▽
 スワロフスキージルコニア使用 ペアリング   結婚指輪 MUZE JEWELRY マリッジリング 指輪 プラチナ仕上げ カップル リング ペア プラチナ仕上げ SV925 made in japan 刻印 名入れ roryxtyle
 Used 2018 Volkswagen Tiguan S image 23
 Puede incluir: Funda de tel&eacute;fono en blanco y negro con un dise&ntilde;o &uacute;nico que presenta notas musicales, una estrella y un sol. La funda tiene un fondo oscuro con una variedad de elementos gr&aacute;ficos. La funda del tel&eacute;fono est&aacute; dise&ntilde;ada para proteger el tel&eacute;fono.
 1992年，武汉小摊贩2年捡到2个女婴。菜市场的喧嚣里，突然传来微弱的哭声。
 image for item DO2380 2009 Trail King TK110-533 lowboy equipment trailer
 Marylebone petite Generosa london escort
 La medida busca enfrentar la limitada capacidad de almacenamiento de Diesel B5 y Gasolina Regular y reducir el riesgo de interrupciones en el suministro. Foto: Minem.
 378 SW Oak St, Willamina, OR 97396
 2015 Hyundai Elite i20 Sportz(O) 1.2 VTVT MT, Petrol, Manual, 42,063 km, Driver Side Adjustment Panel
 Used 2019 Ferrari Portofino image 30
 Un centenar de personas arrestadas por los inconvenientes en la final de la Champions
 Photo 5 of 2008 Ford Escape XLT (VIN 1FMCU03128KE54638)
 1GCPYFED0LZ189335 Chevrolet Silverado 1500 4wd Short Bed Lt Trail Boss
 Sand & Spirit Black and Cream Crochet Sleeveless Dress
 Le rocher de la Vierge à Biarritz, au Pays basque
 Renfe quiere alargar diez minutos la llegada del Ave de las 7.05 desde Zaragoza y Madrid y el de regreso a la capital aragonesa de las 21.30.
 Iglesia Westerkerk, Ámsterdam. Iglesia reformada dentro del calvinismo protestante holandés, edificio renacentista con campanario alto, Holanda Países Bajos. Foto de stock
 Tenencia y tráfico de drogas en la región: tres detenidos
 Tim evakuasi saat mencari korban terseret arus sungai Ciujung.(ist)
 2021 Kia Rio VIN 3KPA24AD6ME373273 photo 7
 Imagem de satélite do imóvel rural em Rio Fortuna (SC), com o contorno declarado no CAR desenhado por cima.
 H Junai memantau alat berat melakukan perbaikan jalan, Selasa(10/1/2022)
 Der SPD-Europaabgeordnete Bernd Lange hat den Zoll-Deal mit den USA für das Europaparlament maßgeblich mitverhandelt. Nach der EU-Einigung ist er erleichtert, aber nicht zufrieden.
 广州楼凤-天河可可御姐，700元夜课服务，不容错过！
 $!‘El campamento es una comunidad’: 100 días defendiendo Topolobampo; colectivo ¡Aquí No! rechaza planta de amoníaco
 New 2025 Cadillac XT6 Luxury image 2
△
A verbatim copy of the listing is to be returned in full.

* Expected output:
 スワロフスキージルコニア使用 ペアリング   結婚指輪 MUZE JEWELRY マリッジリング 指輪 プラチナ仕上げ カップル リング ペア プラチナ仕上げ SV925 made in japan 刻印 名入れ roryxtyle
 Used 2018 Volkswagen Tiguan S image 23
 Puede incluir: Funda de tel&eacute;fono en blanco y negro con un dise&ntilde;o &uacute;nico que presenta notas musicales, una estrella y un sol. La funda tiene un fondo oscuro con una variedad de elementos gr&aacute;ficos. La funda del tel&eacute;fono est&aacute; dise&ntilde;ada para proteger el tel&eacute;fono.
 1992年，武汉小摊贩2年捡到2个女婴。菜市场的喧嚣里，突然传来微弱的哭声。
 image for item DO2380 2009 Trail King TK110-533 lowboy equipment trailer
 Marylebone petite Generosa london escort
 La medida busca enfrentar la limitada capacidad de almacenamiento de Diesel B5 y Gasolina Regular y reducir el riesgo de interrupciones en el suministro. Foto: Minem.
 378 SW Oak St, Willamina, OR 97396
 2015 Hyundai Elite i20 Sportz(O) 1.2 VTVT MT, Petrol, Manual, 42,063 km, Driver Side Adjustment Panel
 Used 2019 Ferrari Portofino image 30
 Un centenar de personas arrestadas por los inconvenientes en la final de la Champions
 Photo 5 of 2008 Ford Escape XLT (VIN 1FMCU03128KE54638)
 1GCPYFED0LZ189335 Chevrolet Silverado 1500 4wd Short Bed Lt Trail Boss
 Sand & Spirit Black and Cream Crochet Sleeveless Dress
 Le rocher de la Vierge à Biarritz, au Pays basque
 Renfe quiere alargar diez minutos la llegada del Ave de las 7.05 desde Zaragoza y Madrid y el de regreso a la capital aragonesa de las 21.30.
 Iglesia Westerkerk, Ámsterdam. Iglesia reformada dentro del calvinismo protestante holandés, edificio renacentista con campanario alto, Holanda Países Bajos. Foto de stock
 Tenencia y tráfico de drogas en la región: tres detenidos
 Tim evakuasi saat mencari korban terseret arus sungai Ciujung.(ist)
 2021 Kia Rio VIN 3KPA24AD6ME373273 photo 7
 Imagem de satélite do imóvel rural em Rio Fortuna (SC), com o contorno declarado no CAR desenhado por cima.
 H Junai memantau alat berat melakukan perbaikan jalan, Selasa(10/1/2022)
 Der SPD-Europaabgeordnete Bernd Lange hat den Zoll-Deal mit den USA für das Europaparlament maßgeblich mitverhandelt. Nach der EU-Einigung ist er erleichtert, aber nicht zufrieden.
 广州楼凤-天河可可御姐，700元夜课服务，不容错过！
 $!‘El campamento es una comunidad’: 100 días defendiendo Topolobampo; colectivo ¡Aquí No! rechaza planta de amoníaco
 New 2025 Cadillac XT6 Luxury image 2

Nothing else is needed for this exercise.